Voulez-vous lire votre destin lorsqu'il s'écrit dans une omoplate de mouton brûlée à feu doux près de Oulan-Bator ? Reprenez un peu de cette omelette aux oeufs de fourmis rouges. Vous aimez l'exotisme, l'aventure, les personnages outrageusement romanesques ? Vous connaissez Tiziano Terzani ?
On a pu le rencontrer à Saigon, en 1975, pendant la chute de la ville. Le bestiaire des journalistes internationaux avait séparé l'hôtel Continental en deux camps. D'un côté, ceux qui pleurent «la victoire des termites rouges» contre les troupes américaines. De l'autre, ceux qui fêtent la «libération». C'est parmi eux qu'il faut chercher Terzani, reporter débutant. «Grande gueule. Belle gueule. Une diva avec une curiosité de prédateur, dit Léopold de Stabenrath, écrivain-voyageur. ll se voyait de loin, rayonnant dans cette atmosphère de fin d'un monde, l'air de l'avoir attendue depuis toujours.»
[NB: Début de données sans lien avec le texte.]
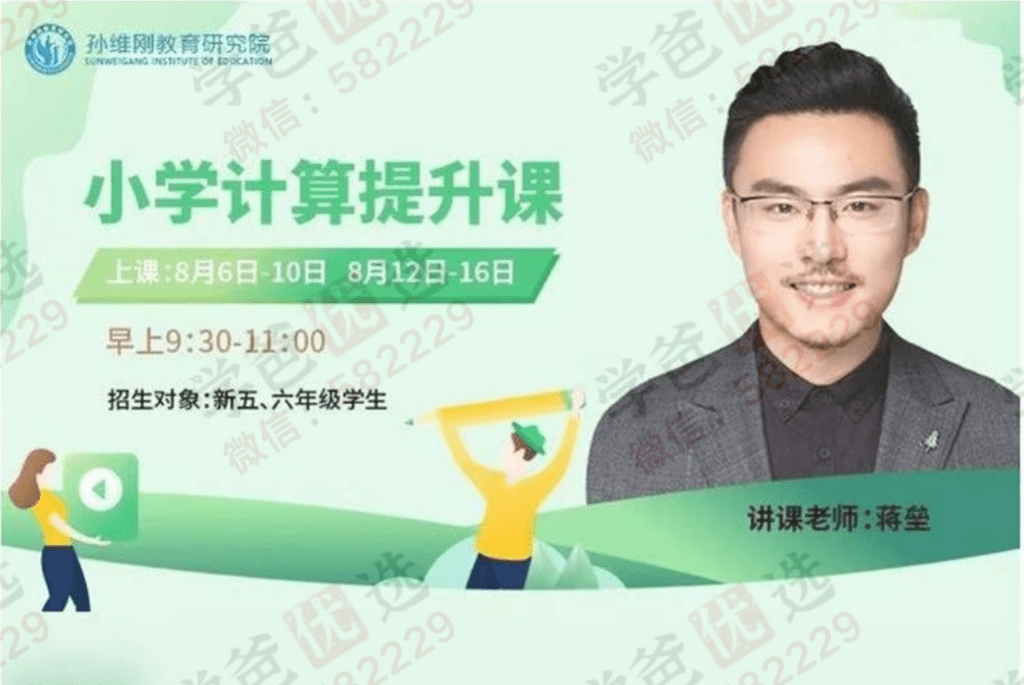 【000321】【小学数学】计算提升：速算简算估算验算（孙维刚教育研究院）蒋垒-学爸优选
A l'époque, par temps de guerre, «on s'amusait follement comme journaliste», continue Charles-Antoine de Narciat, de l'AFP. Lui a sympathisé avec Terzani dans le Cambodge des Khmers rouges. «On partait en opération du beaujolais au ceinturon. On revenait avec de belles histoires. Le soir, on se retrouvait à la fumerie d'opium au milieu de planteurs de caoutchouc.» Les tourmentes, les lumières d'apocalypse, Terzani les aime follement, à en tomber malade physiquement quand le canon s'arrête. Il dit : «Je croyais que la guerre était la confrontation la plus extrême où chercher la vérité.» Il s'arrête.